> Source records:
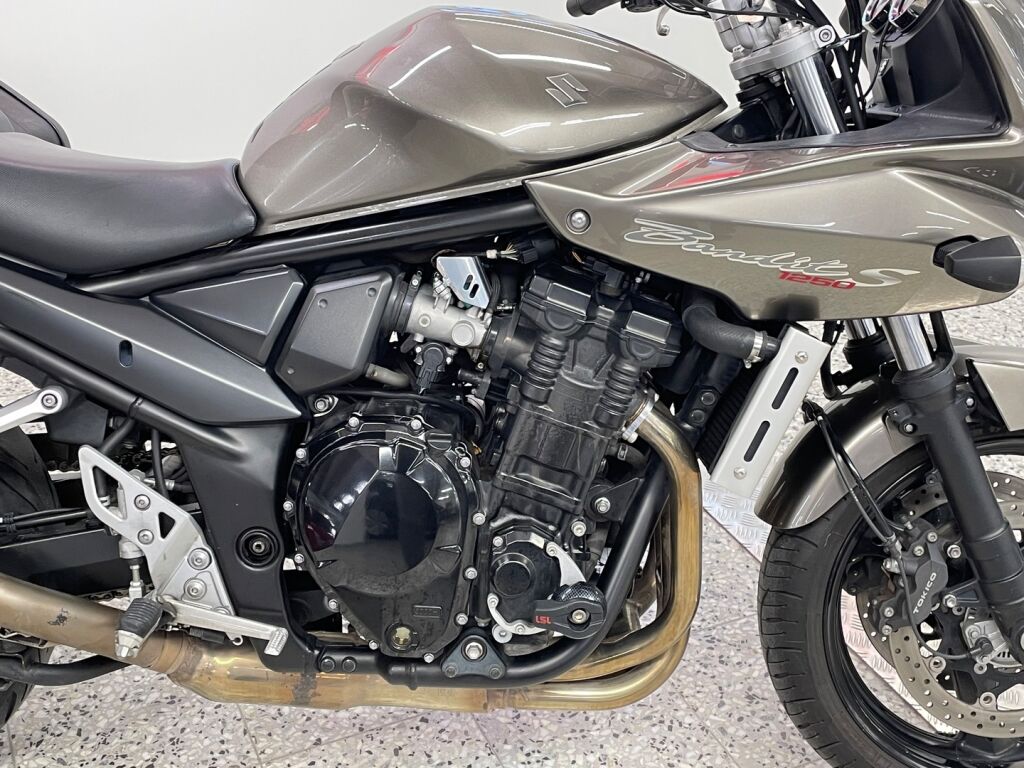 Suzuki GSF 2012 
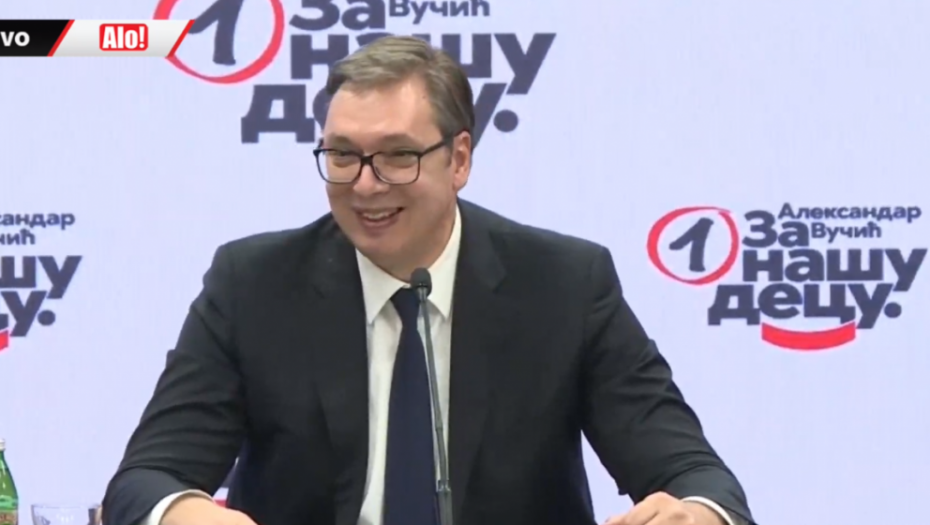 VUČIĆEVE ROLKE VEST BROJ JEDAN Predsednik prasnuo u smeh, ne može da veruje čime se bave: To sam dobio na poklon od ministra...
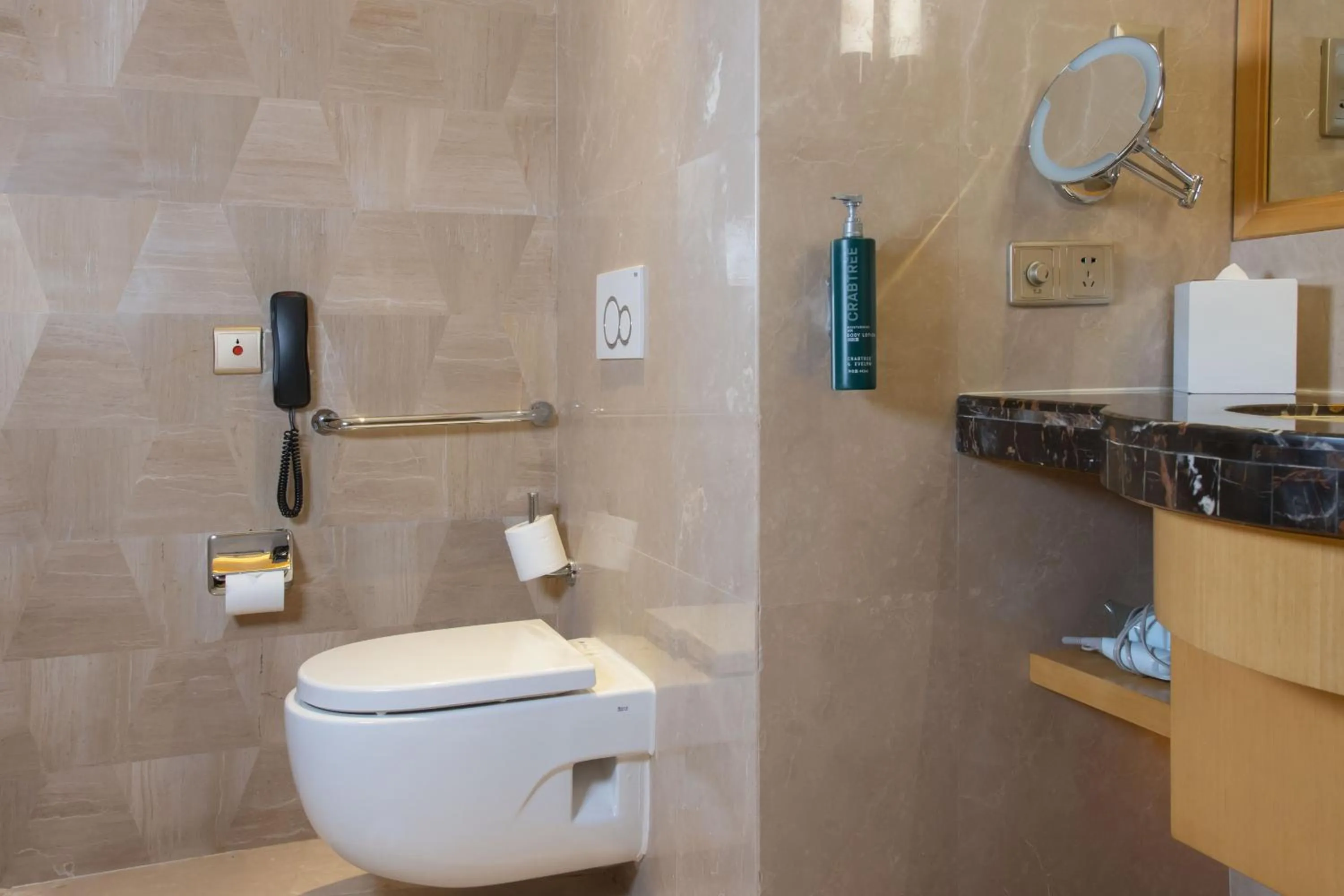 Toilet in DoubleTree by Hilton Hotel Xiamen - Wuyuan Bay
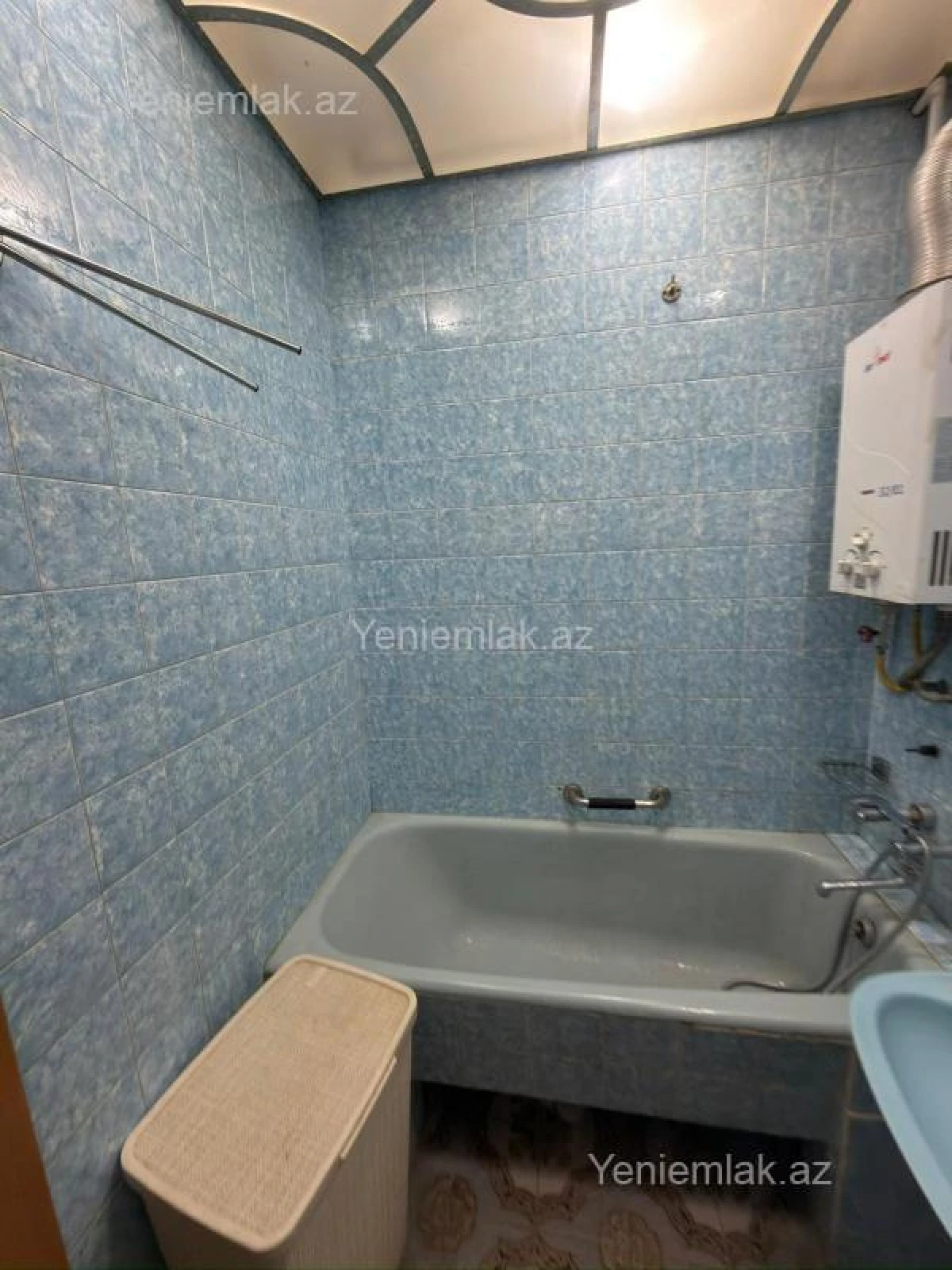 Satılır 5 otaqlı köhnə tikili 110 m²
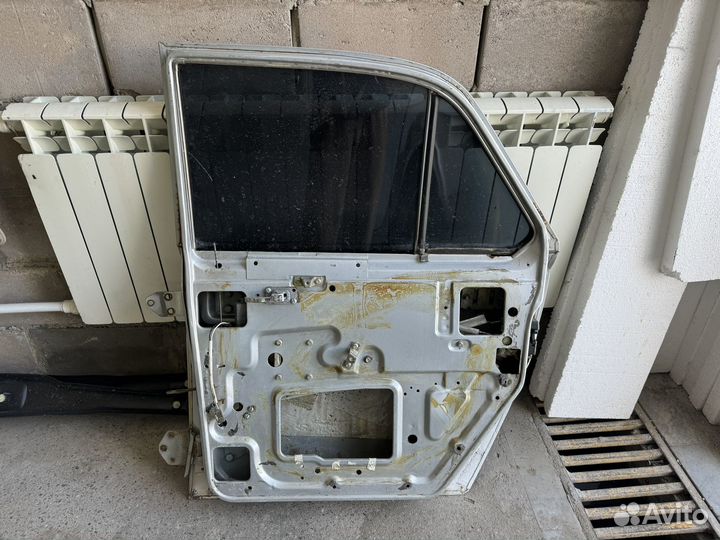 Дверь волга 31105 3102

> What the task asks: Everything from the line with "VUČIĆEVE ROLKE VEST" through the end of the records above, both ends included, is to be reproduced exactly, and nothing outside that span; the pictures are to be dropped.

> Completed exercise:
 VUČIĆEVE ROLKE VEST BROJ JEDAN Predsednik prasnuo u smeh, ne može da veruje čime se bave: To sam dobio na poklon od ministra...
 Toilet in DoubleTree by Hilton Hotel Xiamen - Wuyuan Bay
 Satılır 5 otaqlı köhnə tikili 110 m²
 Дверь волга 31105 3102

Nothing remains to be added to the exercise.